Short descriptive text snippets -
————
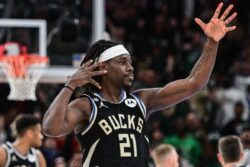 NBA: Boston Celtics Sign ex-Bucks Point Guard Jrue Holiday from Portland Trailblazers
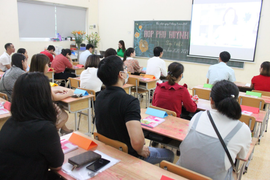 Có nên xoá bỏ Ban đại diện cha mẹ học sinh?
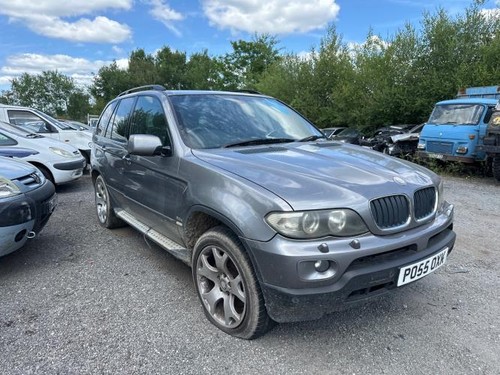 Culla motore anteriore bmw - anteriore, x5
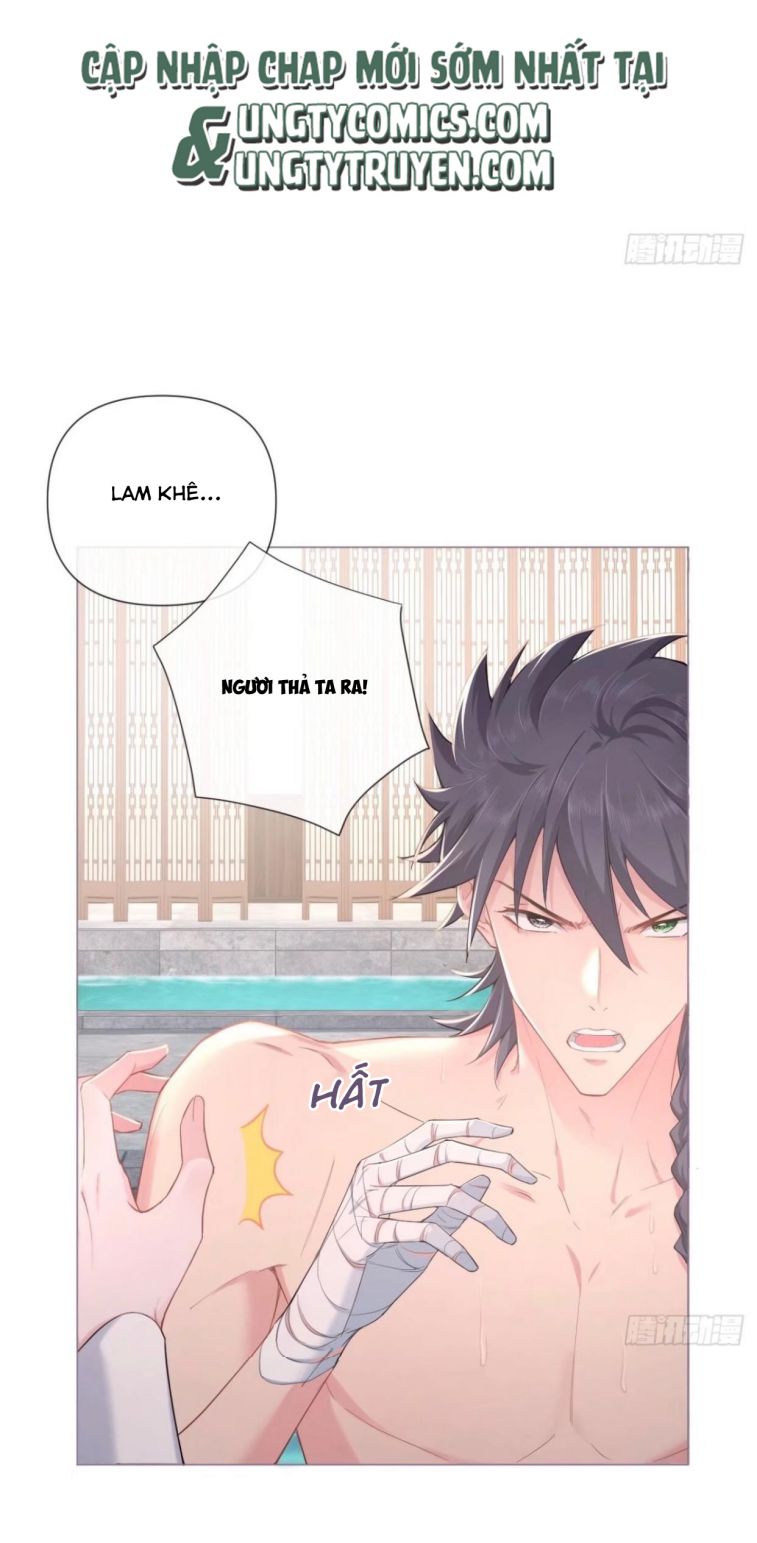 Nhập Mặc Chi Thần Chap 53 - Next Chap 54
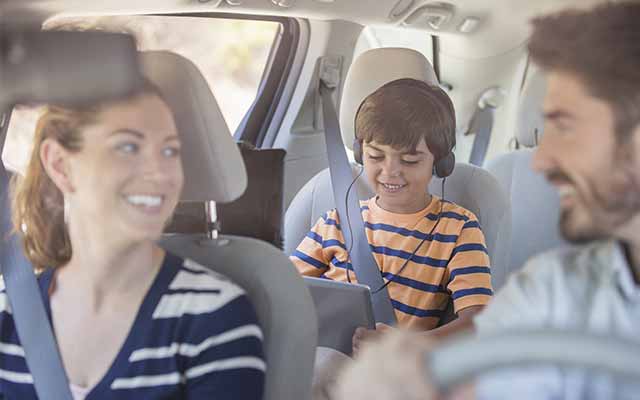 Online entertainment in your car? This is now possible!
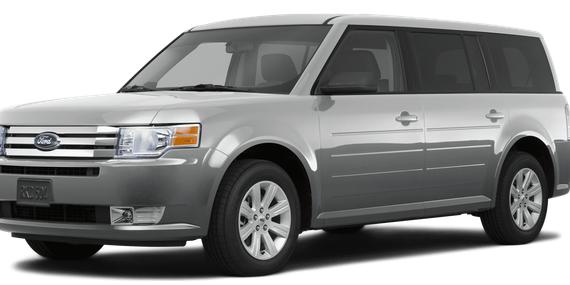 FORD FLEX 2011 2FMGK5DC6BBD09236 image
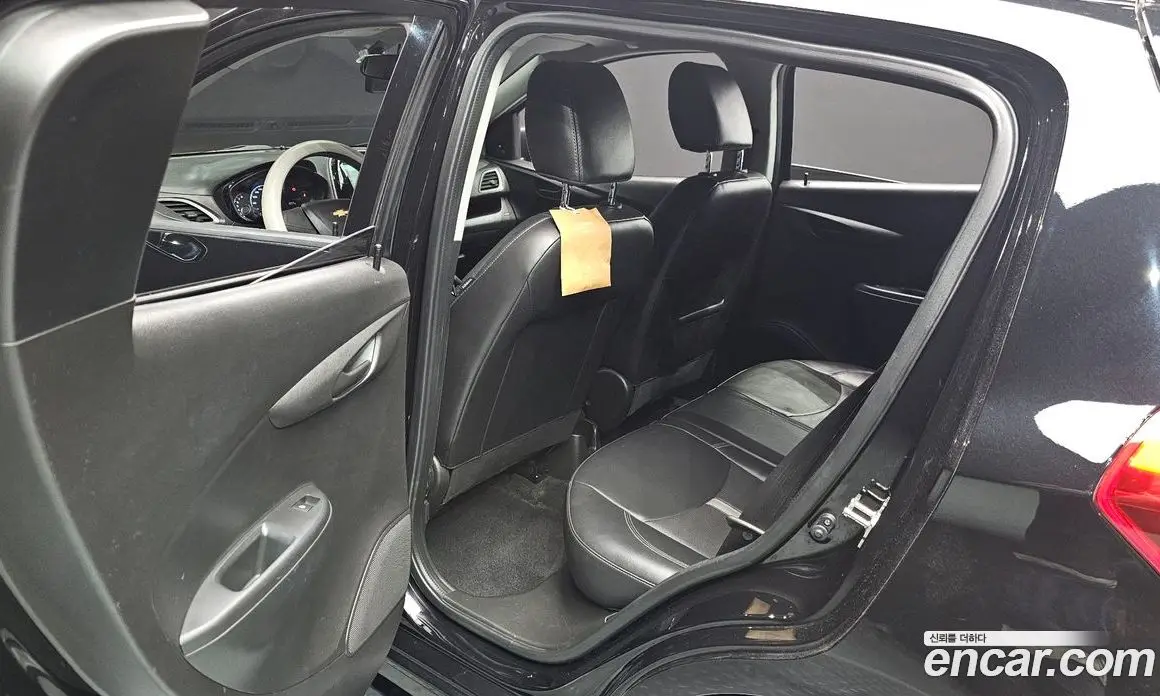 Chevrolet Spark 2018 1.0 механика, фото 12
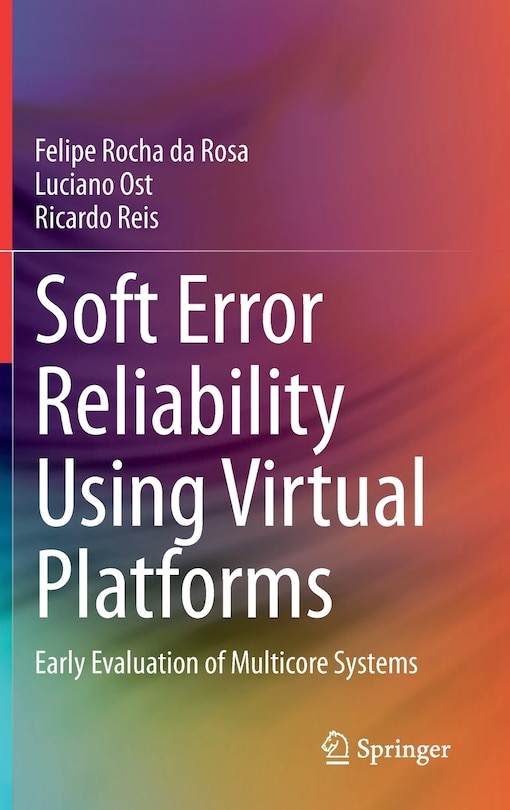 Couverture_Soft Error Reliability Using Virtual Platforms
————
Repeat verbatim the range of lines that opens at the line containing "FORD FLEX 2011 2FMGK5DC6BBD09236 image" and closes at the last line of the entries, excluding all pictures.

 FORD FLEX 2011 2FMGK5DC6BBD09236 image
 Chevrolet Spark 2018 1.0 механика, фото 12
 Couverture_Soft Error Reliability Using Virtual Platforms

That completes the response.